In his final high school meet, Josh followed Zach in another way. On March 3 at the 2019 NJSIAA Meet of Champions, five years after Zach took the state title in the 100-yard butterfly, Josh did the same, winning the butterfly for his first individual state title. Fong was the only male South Jersey state champion from outside of Atlantic County and is The Sun Newspapers 2019 Boys Swimmer of the Year.

“There’s nothing really like realizing you’re the state champion in an event,” Fong said. “It was extra special for me because it was my last swim representing Moorestown High School.”

Fong had been pushing to win the butterfly state title since he was a sophomore. In both 2017 and 2018, Fong made the finals of the 100-yard butterfly at MOC, but came up just short of victory with third-place finishes both times.

This year, after putting up what he felt was a slow time of 49.92 seconds in the preliminaries, Fong decided he was going to do everything he could to win the butterfly. He set his sights on the meet record of 48.68 seconds and nearly reached it. Fong’s winning time of 49.08 allowed him to win the race by nearly eight-tenths of a second over Bridgewater-Raritan High School sophomore Trent Russano.

“There wasn’t any holding back,” Fong said. “It was all out from the second I hit the water until the second my hand hit the wall.”

Not only did Fong put up a winning time in the butterfly, he also had to swim in two events earlier in the meet. Fong also competed in the 200-yard individual medley, where he finished fourth, and was a part of Moorestown’s 200-yard medley relay team.

“He’s swimming basically a 200 butterfly in 45 minutes,” head coach Jeff DeNick said. “He’s swimming 50 in the 200 medley (relay), comes out, another 50 in the 200 medley and then 100 in the butterfly. That’s a lot of fly. I’ve only had one or two other guys who have wanted to do that or could do that with a high rate of success.”

Fong’s stamina and versatility were assets for Moorestown all season. DeNick didn’t use Fong in the butterfly much during the regular season due to team needs, instead moving him to other events such as freestyle or breaststroke.

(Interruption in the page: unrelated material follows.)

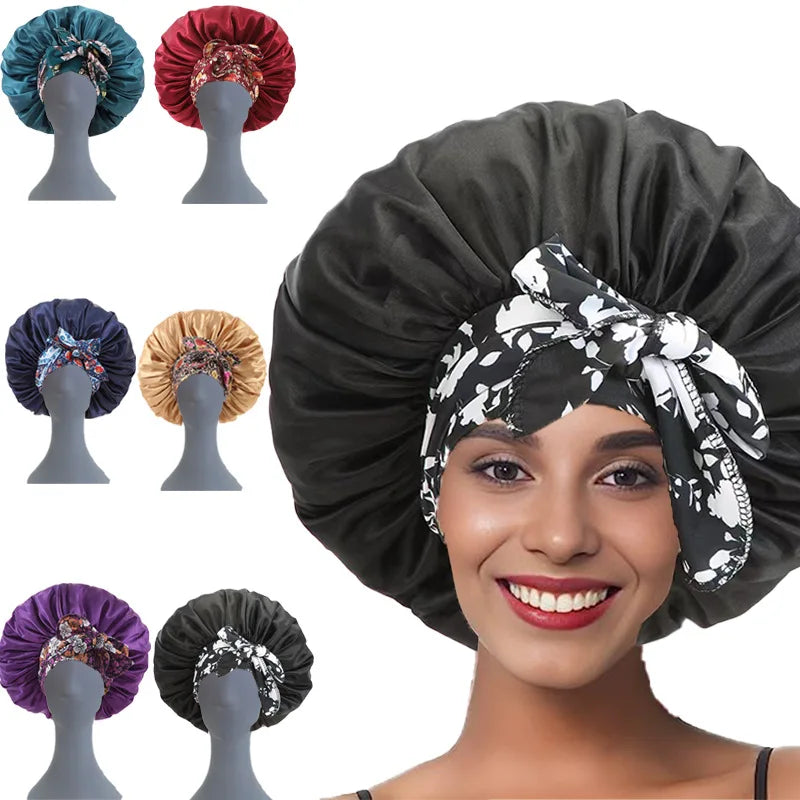 New Designer Custom Satin Silk Braid Bonnets for Women Hair Wraps Printed Elastic Bands Hair Care Caps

“The quality of the different events he can swim was an asset for our team and was huge for us this year,” DeNick said.

Not only is Fong a state champion, but he’s busy out of the pool as well. Fong is taking five Advanced Placement classes this year as well as multi-variable calculus, a class Fong describes as “beyond AP.” Fong keeps up of his schoolwork while also practicing 20-plus hours a week with his club team, Jersey Wahoos. Even with his busy schedule, Fong still took on the role as one of Moorestown’s team captains this year. Fong said all of his experiences have him prepared for college.

“It’s been a lot of academics in addition to the athletic workload,” he said.

In the pool, Fong said competing for Moorestown taught him the importance of teamwork in swimming. He felt the team’s unity was strongest during the last meet of the playoffs, a tough 98–72 loss against the eventual Group B state champions, Mainland Regional High School.

“We swam our hearts out that meet,” Fong said. “We may have lost, but everyone was having such a good time together. Everyone was cheering, we were so loud. It showed me it’s not just about the points, because you’re not always going to have the team to win. But as long as everyone is supporting each other the entire time and you’re really getting the team experience out of the meet, that’s the most important part.”

DeNick saw how the program shaped Fong during his time at Moorestown and believes he, as well as his brother, will serve as an inspiration for the future Quaker swimmers.

“It will be the first time in a long time we don’t have a Fong on the team,” said DeNick, who has had either Zach or Josh on his team since 2012. “At the same time, it leaves an opportunity for somebody else to take over and achieve.”